Required action: Only some lines are wanted. Transcribe, exactly, the lines below from the line with "VT license plate LRF164" up to and including the line with "Funny strawberry digital".
# # # #
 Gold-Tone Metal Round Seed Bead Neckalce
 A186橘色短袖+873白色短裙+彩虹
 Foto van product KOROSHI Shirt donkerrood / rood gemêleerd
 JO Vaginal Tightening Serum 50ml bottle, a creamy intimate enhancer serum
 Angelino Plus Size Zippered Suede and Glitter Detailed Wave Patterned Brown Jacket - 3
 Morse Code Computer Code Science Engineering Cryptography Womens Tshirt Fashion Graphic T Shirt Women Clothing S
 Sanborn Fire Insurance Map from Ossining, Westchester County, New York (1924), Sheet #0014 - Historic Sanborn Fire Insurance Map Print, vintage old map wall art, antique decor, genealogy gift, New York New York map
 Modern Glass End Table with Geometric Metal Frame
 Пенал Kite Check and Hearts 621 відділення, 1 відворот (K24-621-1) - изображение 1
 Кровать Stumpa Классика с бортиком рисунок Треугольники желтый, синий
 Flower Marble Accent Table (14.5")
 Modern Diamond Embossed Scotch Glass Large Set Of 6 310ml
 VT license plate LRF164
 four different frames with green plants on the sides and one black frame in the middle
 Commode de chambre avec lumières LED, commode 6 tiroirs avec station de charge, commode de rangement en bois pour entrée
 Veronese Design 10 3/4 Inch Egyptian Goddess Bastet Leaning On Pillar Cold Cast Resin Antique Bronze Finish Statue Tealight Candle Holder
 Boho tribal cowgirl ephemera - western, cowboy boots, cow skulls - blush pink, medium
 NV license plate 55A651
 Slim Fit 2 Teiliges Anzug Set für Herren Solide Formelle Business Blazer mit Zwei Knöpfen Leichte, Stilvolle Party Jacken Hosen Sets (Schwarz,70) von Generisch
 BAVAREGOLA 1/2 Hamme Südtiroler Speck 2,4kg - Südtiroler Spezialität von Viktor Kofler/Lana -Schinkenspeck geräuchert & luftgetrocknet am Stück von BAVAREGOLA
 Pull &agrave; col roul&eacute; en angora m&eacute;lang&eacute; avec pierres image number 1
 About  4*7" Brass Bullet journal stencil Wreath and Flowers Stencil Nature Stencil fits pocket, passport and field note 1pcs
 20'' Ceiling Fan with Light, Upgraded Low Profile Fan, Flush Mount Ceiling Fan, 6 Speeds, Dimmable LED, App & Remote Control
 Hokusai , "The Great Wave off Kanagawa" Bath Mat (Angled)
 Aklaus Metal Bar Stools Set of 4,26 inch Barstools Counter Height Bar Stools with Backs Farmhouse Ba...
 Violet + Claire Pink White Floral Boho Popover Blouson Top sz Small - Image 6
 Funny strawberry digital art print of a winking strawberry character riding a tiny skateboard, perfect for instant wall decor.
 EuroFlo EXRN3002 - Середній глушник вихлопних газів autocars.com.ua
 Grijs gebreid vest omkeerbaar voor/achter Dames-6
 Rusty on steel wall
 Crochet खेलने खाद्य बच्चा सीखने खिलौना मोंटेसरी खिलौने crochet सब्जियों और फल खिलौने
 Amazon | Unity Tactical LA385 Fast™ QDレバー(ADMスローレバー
# # # #
Solved problem:
 VT license plate LRF164
 four different frames with green plants on the sides and one black frame in the middle
 Commode de chambre avec lumières LED, commode 6 tiroirs avec station de charge, commode de rangement en bois pour entrée
 Veronese Design 10 3/4 Inch Egyptian Goddess Bastet Leaning On Pillar Cold Cast Resin Antique Bronze Finish Statue Tealight Candle Holder
 Boho tribal cowgirl ephemera - western, cowboy boots, cow skulls - blush pink, medium
 NV license plate 55A651
 Slim Fit 2 Teiliges Anzug Set für Herren Solide Formelle Business Blazer mit Zwei Knöpfen Leichte, Stilvolle Party Jacken Hosen Sets (Schwarz,70) von Generisch
 BAVAREGOLA 1/2 Hamme Südtiroler Speck 2,4kg - Südtiroler Spezialität von Viktor Kofler/Lana -Schinkenspeck geräuchert & luftgetrocknet am Stück von BAVAREGOLA
 Pull &agrave; col roul&eacute; en angora m&eacute;lang&eacute; avec pierres image number 1
 About  4*7" Brass Bullet journal stencil Wreath and Flowers Stencil Nature Stencil fits pocket, passport and field note 1pcs
 20'' Ceiling Fan with Light, Upgraded Low Profile Fan, Flush Mount Ceiling Fan, 6 Speeds, Dimmable LED, App & Remote Control
 Hokusai , "The Great Wave off Kanagawa" Bath Mat (Angled)
 Aklaus Metal Bar Stools Set of 4,26 inch Barstools Counter Height Bar Stools with Backs Farmhouse Ba...
 Violet + Claire Pink White Floral Boho Popover Blouson Top sz Small - Image 6
 Funny strawberry digital art print of a winking strawberry character riding a tiny skateboard, perfect for instant wall decor.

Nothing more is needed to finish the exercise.